Safaricom, a product like Google Fi is what Kenyans are yearning for
Google has finally broken into mobile communication with a product that can be a game changer in Internet provision in US and elsewhere. Project Fi made its entry on Wednesday in the US after a pilot study in one of the cities. The service that seems to outplay telcos in the state and beyond will see customers pay based on the data usage.
Google Fi is a wireless Internet Service product bundled together with voice and text that will provide services using Wi-Fi hotspot or available cellular network. Project Fi will connect its users to the fastest available network at the location of the customer with assured help of secured data through encryption via Google VPN service. The project could have the upper hand in the market since it will see individuals communicate through any network regardless of device in use.
The X-factor in the new project by Google is however the fresh approach on how you pay for wireless, manage your service, and get in touch when you need help. Here’s how it works: for $20 a month you get all the basics (talk, text, Wi-Fi tethering, and international coverage in 120+ countries), and then it’s a flat $10 per GB for cellular data while in the U.S. and abroad. 1GB is $10/month, 2GB is $20/month, 3GB is $30/month, and so on. Since it’s hard to predict your data usage, you’ll get credit for the full value of your unused data.
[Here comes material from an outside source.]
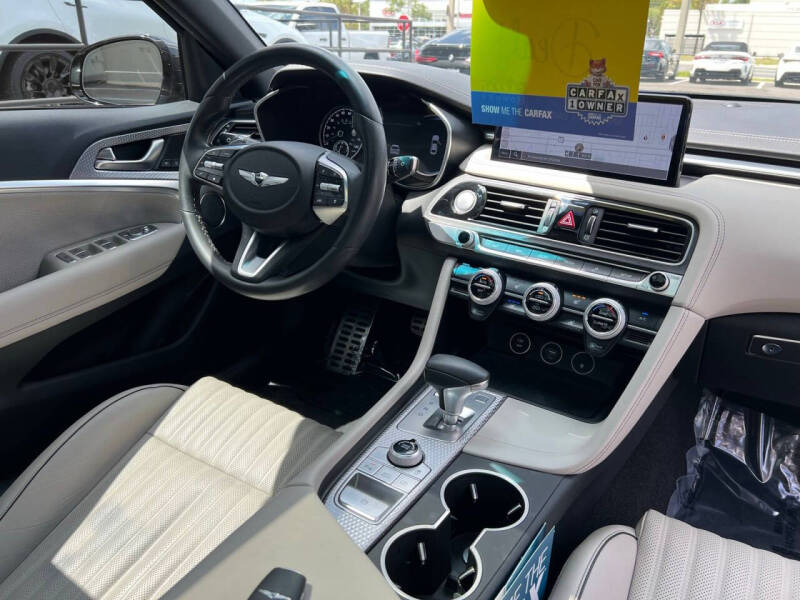 2023 Genesis G70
Let’s say you go with 3GB for $30 and only use 1.4GB one month. You’ll get $16 back, so you only pay for what you use.
The point of interest in Google’s Fi Internet Service is the decision to refund users for data not consumed. Recently, Safaricom had to deal with a public backlash due to stringent data plan conditions limiting subscribers the freedom to enjoy Internet use. The new data offering by Safaricom require that a subscriber consumes the purchased bundle before the expiry period, failure of which the data (money) will be lost, forever.
The rollout of Google Fi should send a strong message to Safaricom and others. Although in most parts of the world telcos don’t want to refund for unused data, or simply do away with data expiry altogether, the approach of Google should be expected to disrupt the market, especially if Google could intend to venture into markets outside USA with its Google Fi offering.
Even if Google Fi doesn’t set foot outside US, there are many telcos e.g. Equitel that could be keenly watching how Google will perform, profit wise, with Google Fi. Once the model proves profitable, we expect Safaricom competitors to borrow a leaf and launch mobile services requiring subscribers to pay for data, voice and text consumed. The current arrangement where we are forced to pay for products we were not able to consume is ridiculous, to say the least.
In the meantime, if someone like Safaricom has the best interest of customers at heart, they could at least copy the refund option that has been introduced by Google Fi, or simply allow users to consume their purchased data at their own rate. I do believe that if expiry date is done away with, the impact on bottom line won’t be significant.